May: Authors whose books I admire greatly but have to read over and over again because I never quite get a complete understanding of them: Ellen Raskin, E.L. Konigsburg, Diana Wynne Jones, Henry James.

June: I peeked in at Lynda Barry’s Tumblr, which I’d sort of forgotten about for awhile, and read about the four-minute diary: “Why is it so hard to keep a diary? IT ISN’T! Keeping a diary is much easier if you limit your writing to four minutes each day: two minutes spent writing a list of what you remember from the day before and then two minutes making a list of things you saw.”

July: The practical reason I’m reviewing these books in the same post is that they are both due at the library.

August: I had a hankering for orange cheez powder, as in Kraft mac and cheese or cheap cheese crackers, so last night I tried cheez-flavored rice cakes, and ate some store-brand cheesy crackers, and also had some tuna mac (except it turns out we didn’t have any tuna in the cupboard, so I put in frozen peas instead).

September: In my Labor Day browsing I ended up reading about Joe Hill, the Wobbly labor activist executed by Utah in 1915. I was surprised to see that the text of his last will and testament were already familiar to me– as a song we sang at Girl Scout Camp.
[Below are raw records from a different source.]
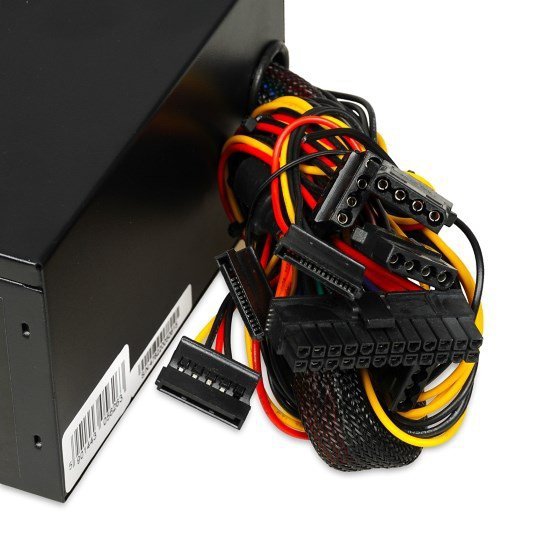 Zasilacz IBOX AURORA 700W 14 CM FAN ZIA 700W 14CM BOX
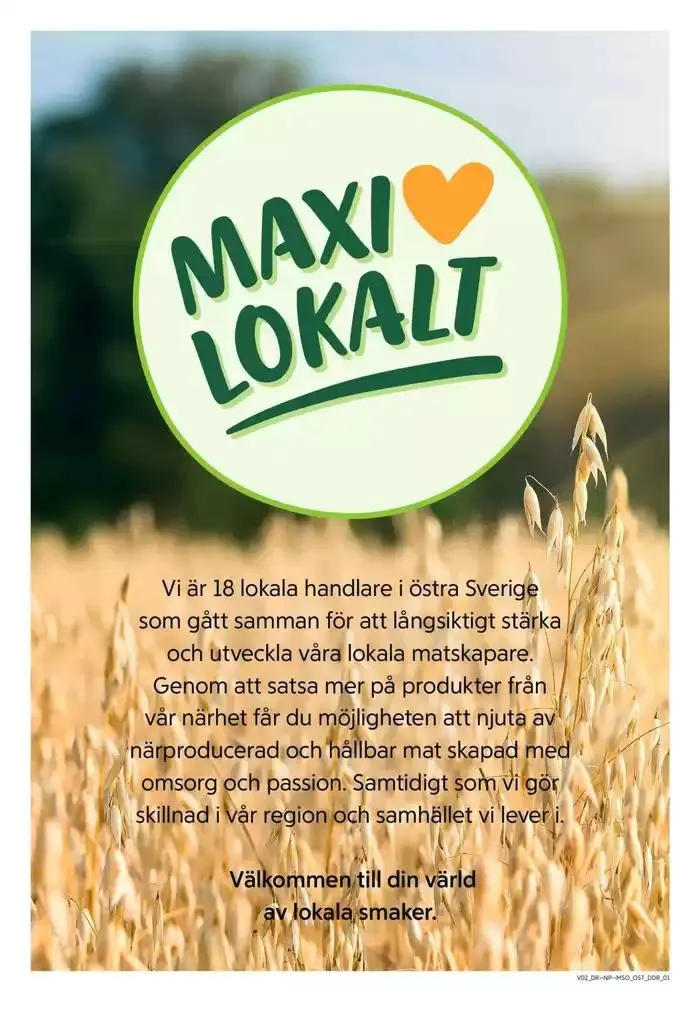 Våra bästa erbjudanden för dig från 5 januari till 12 januari 2025 - Reklamblad sidor 7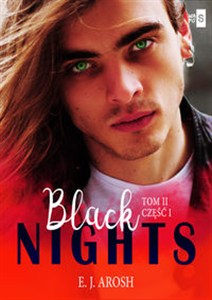 Obrazek Black Nights Tom 2 Część 1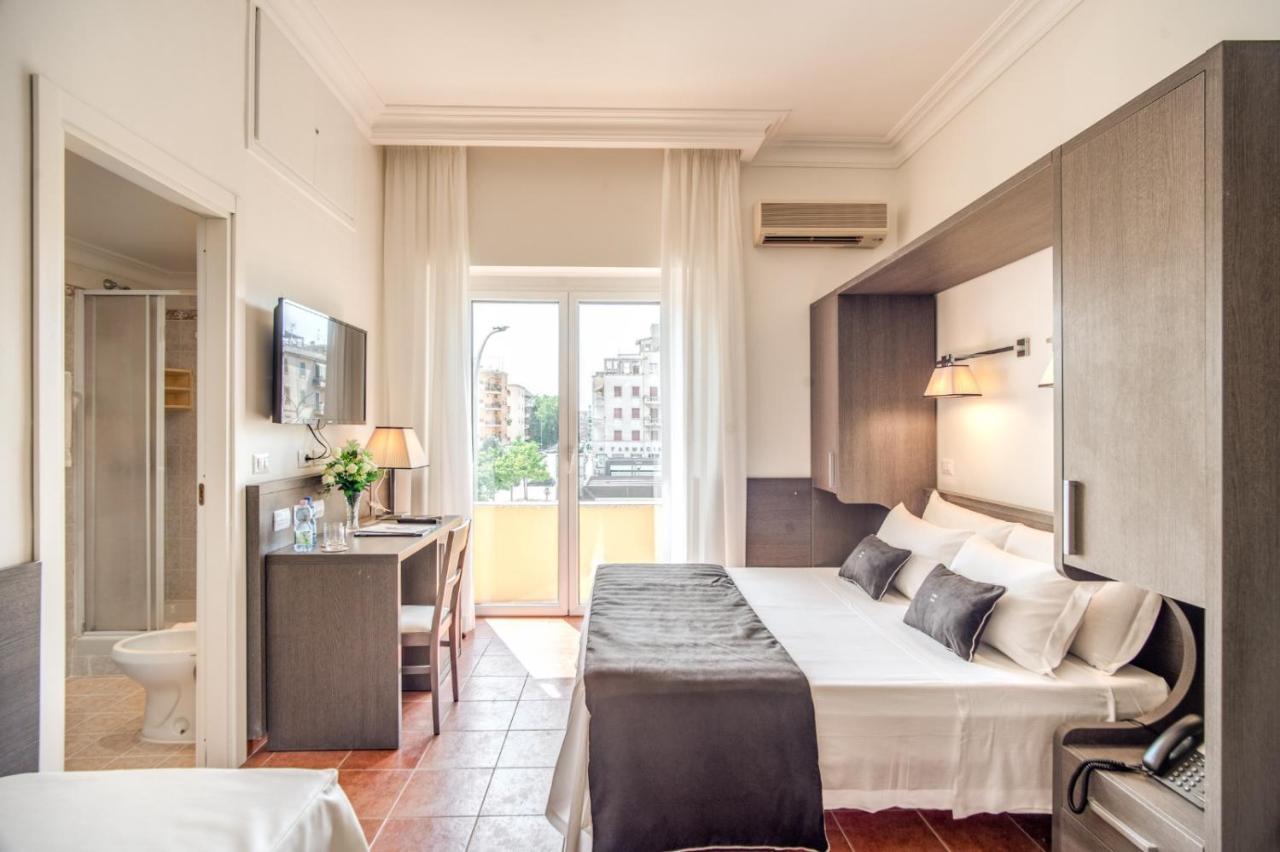 Hotel Mirti Roma Dış mekan fotoğraf
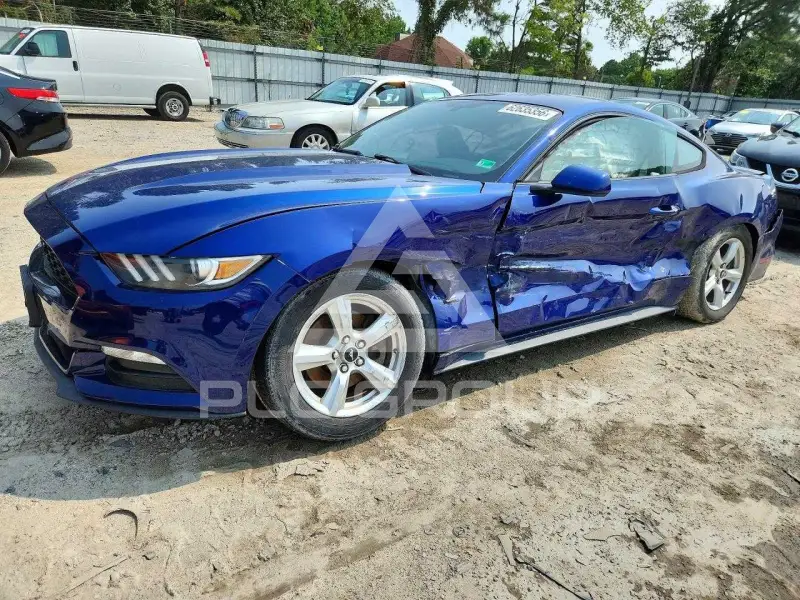 2016 Ford MUSTANG photo
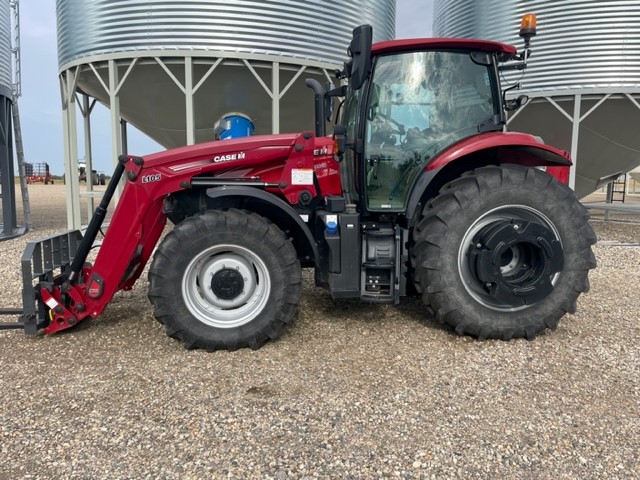 2018 Case MAX115 Tractor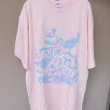 画像1: Tシャツ（ピンク） (1)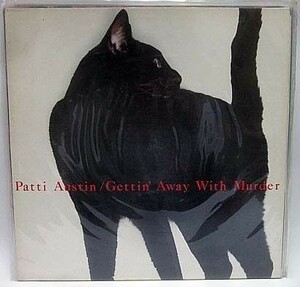 PATTI AUSTIN GETTING AWAY～ LPレコード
October: I had jury duty at the county courthouse yesterday and today. Yesterday I was tickled to find myself in voir dire with Phillip Margolin, who writes bestselling legal thrillers!

November (draft post): I’ve had a soft spot for The New Criterion since the ’80s, in spite of its conservative politics. I used to take a bound volume or two to my library desk with me at Reed, and read articles when I needed a break from the Derrida and Post-Whatever I was trying to wrap my brain around.

December: Text sent to sanguinity at 4:50 p.m. yesterday: “Coming home a little early– yay! Because my back hurts– booo!”